*** Block opens ***
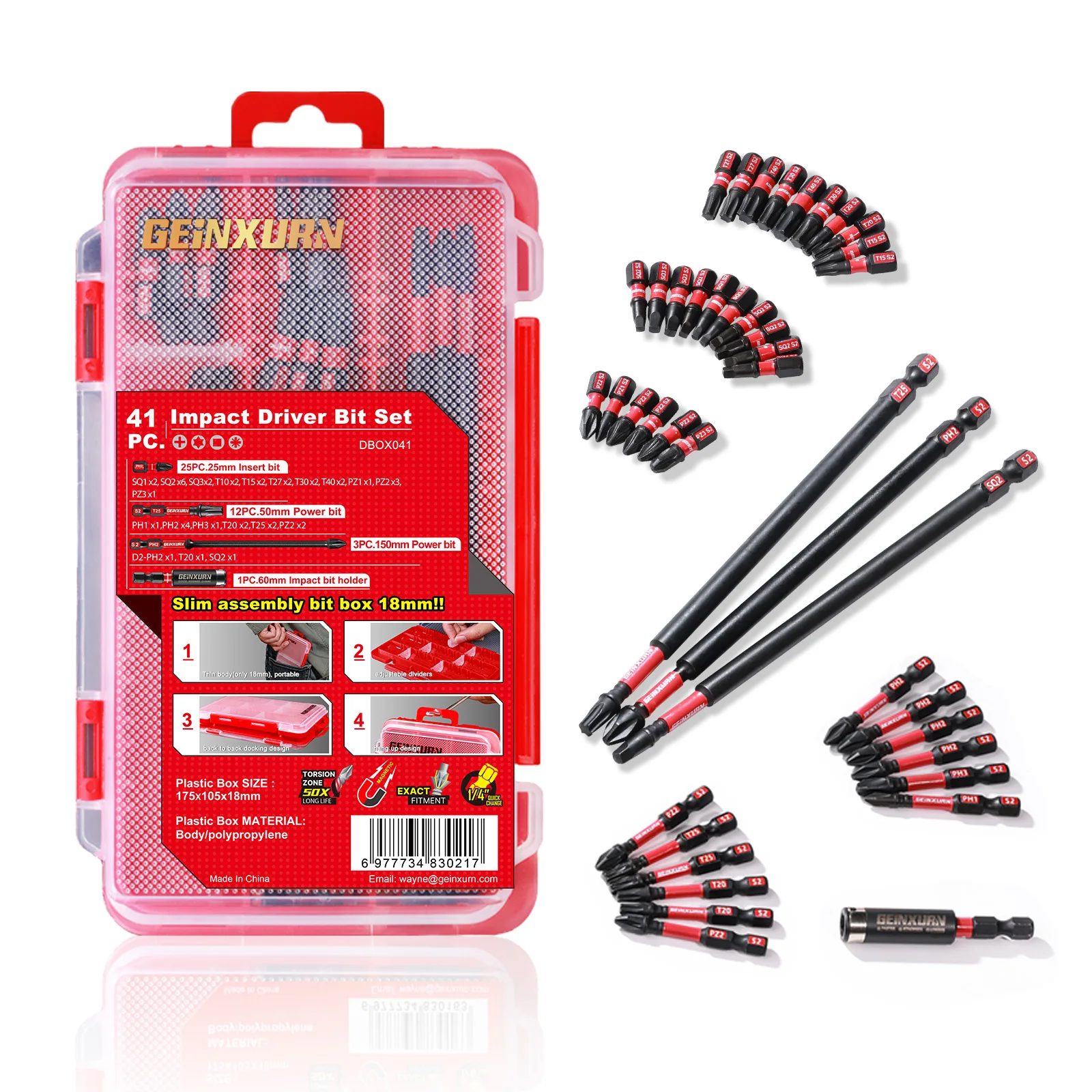 Geinxurn 41PCS Impact Screwdriver Bits Set, Magnetic S2 Steel Multi Insert Power Bits Tips with Storage Box(PH/TORX/SQ/PZ)
Geinxurn 41PCS Impact Screwdriver Bits Set, Magnetic S2 Steel Multi Insert Power Bits Tips with Storage Box(PH/TORX/SQ/PZ)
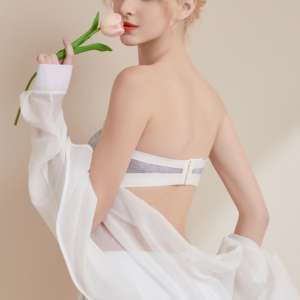 Soutien-gorge de sport bandeau confortable, respirant, sans coutures, push-up, à couvrance complète, sans armatures, pour le quotidien, au design tricoté simple et décontracté sans bretelles - Product Image 3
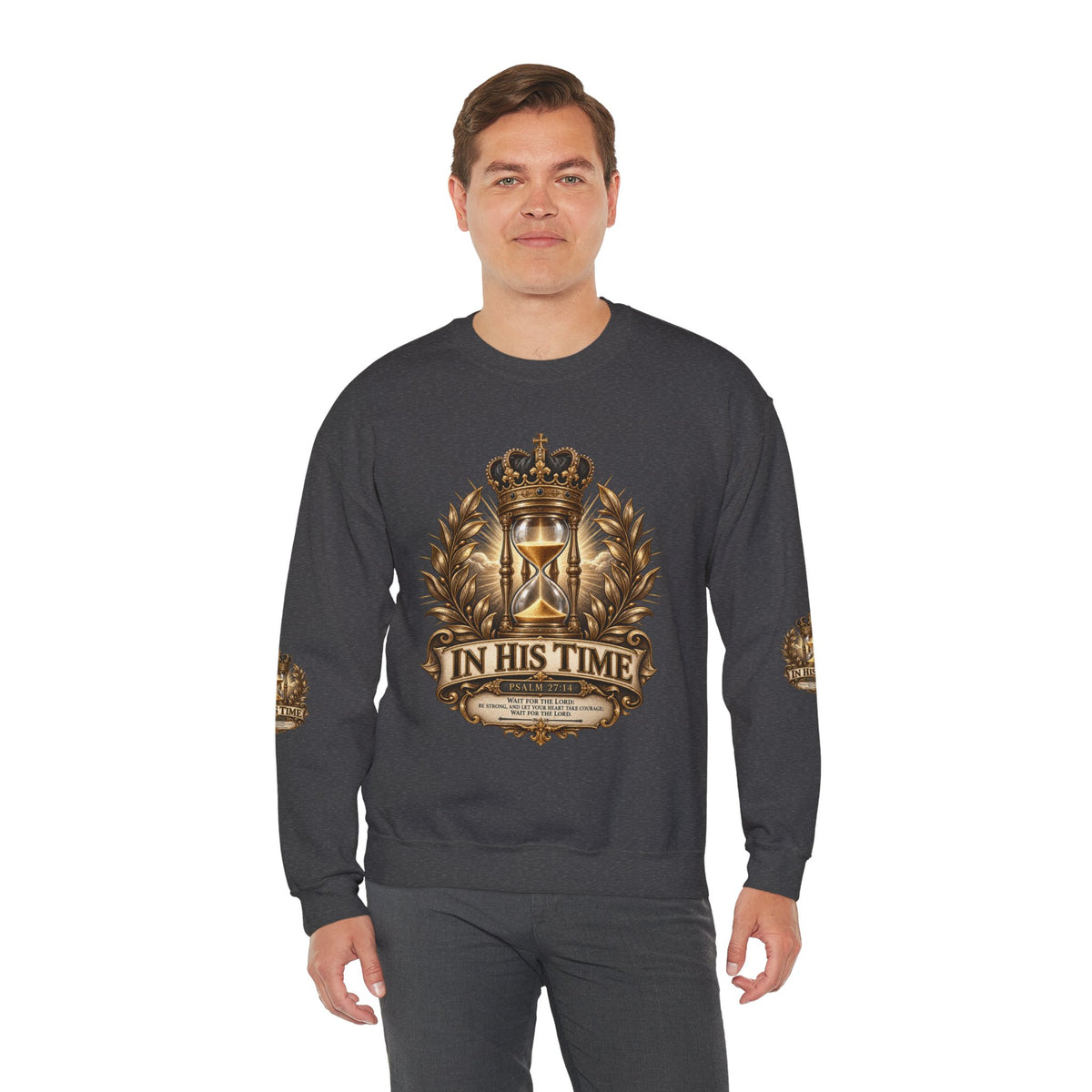 In His Time Crewneck Sweatshirt – Inspirational Christian Scripture Hourglass Design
*** Block closes ***
◆ Exercise details ◆
Nothing but the lines from the one containing "Soutien-gorge de sport" through the end of the listing should be written out, each exactly, and pictures must be left out.

◆ Task answer ◆
 Soutien-gorge de sport bandeau confortable, respirant, sans coutures, push-up, à couvrance complète, sans armatures, pour le quotidien, au design tricoté simple et décontracté sans bretelles - Product Image 3
 In His Time Crewneck Sweatshirt – Inspirational Christian Scripture Hourglass Design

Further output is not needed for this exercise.